Gabriel Haddad's hypoxia fly lab at UCSD has already been established to generate a Drosophila model to test
the evolutionary conservation of function of this gene. Third, pharmacological manipulation of the PARP
pathway will be used to rescue the phenotypes both in vitro and in vivo in hopes of developing a treatment for
this novel pediatric disease. The outcome of this work will not only provide novel insight into mitochondrial
function, but will also identify potential treatments for a new early-onset neurodegenerative disease.
Hypothesis: Mutations in ADPRHL2 lead to increased vulnerability to neuronal death in response to oxidative
stress.

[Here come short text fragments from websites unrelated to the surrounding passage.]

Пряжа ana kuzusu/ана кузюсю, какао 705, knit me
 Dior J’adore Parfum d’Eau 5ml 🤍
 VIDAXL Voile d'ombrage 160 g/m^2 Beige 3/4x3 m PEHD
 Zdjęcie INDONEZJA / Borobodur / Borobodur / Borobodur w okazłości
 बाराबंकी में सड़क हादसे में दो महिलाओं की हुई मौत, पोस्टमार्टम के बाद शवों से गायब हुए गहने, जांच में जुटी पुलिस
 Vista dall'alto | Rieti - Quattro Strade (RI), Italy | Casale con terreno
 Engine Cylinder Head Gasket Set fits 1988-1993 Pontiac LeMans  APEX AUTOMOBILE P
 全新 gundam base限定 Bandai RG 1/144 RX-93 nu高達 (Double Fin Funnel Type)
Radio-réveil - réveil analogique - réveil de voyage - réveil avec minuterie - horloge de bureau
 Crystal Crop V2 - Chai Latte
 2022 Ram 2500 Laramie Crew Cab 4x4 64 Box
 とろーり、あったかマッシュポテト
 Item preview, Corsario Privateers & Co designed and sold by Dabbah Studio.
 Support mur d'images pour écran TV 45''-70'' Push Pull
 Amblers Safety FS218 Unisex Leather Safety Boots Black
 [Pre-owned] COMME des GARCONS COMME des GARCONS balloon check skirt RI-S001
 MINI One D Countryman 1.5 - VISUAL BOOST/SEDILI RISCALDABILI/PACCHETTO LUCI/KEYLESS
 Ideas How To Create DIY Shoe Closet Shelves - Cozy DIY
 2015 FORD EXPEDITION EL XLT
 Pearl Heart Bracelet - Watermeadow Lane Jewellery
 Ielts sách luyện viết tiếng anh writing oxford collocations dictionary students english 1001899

Failed PAR hydrolysis due to absence of ADPRHL2 in the mitochondria leads to bioenergetic failure,
ultimately triggering apoptosis.
Aim 1: Test the hypothesis that ADPRHL2 patient mutations interfere with protein function and PARylation of
mitochondrial proteins.
Aim 2: Test the hypothesis that loss of ADPRHL2 leads to stress-induced defects in mitochondrial function and
cell survival.
Aim 3: Test the hypothesis that loss of ADPRHL2 can be pharmacologically or genetically rescued by
inhibiting PARP activity in vitro and in vivo.

## Key facts

- **NIH application ID:** 9928448
- **Project number:** 5F31HD095602-03
- **Recipient organization:** UNIVERSITY OF CALIFORNIA, SAN DIEGO
- **Principal Investigator:** Shereen G. Ghosh
- **Activity code:** F31 (R01, R21, SBIR, etc.)
- **Funding institute:** NIH
- **Fiscal year:** 2020
- **Award amount:** $39,970
- **Award type:** 5
- **Project period:** 2018-06-01 → 2021-05-31

## Primary source

NIH RePORTER: https://reporter.nih.gov/project-details/9928448

## Citation

> US National Institutes of Health, RePORTER application 9928448, Molecular mechanisms of the ADPRHL2-mediated pediatric neurodegenerative disease (5F31HD095602-03). Retrieved via AI Analytics 2026-05-24 from https://api.ai-analytics.org/grant/nih/9928448. Licensed CC0.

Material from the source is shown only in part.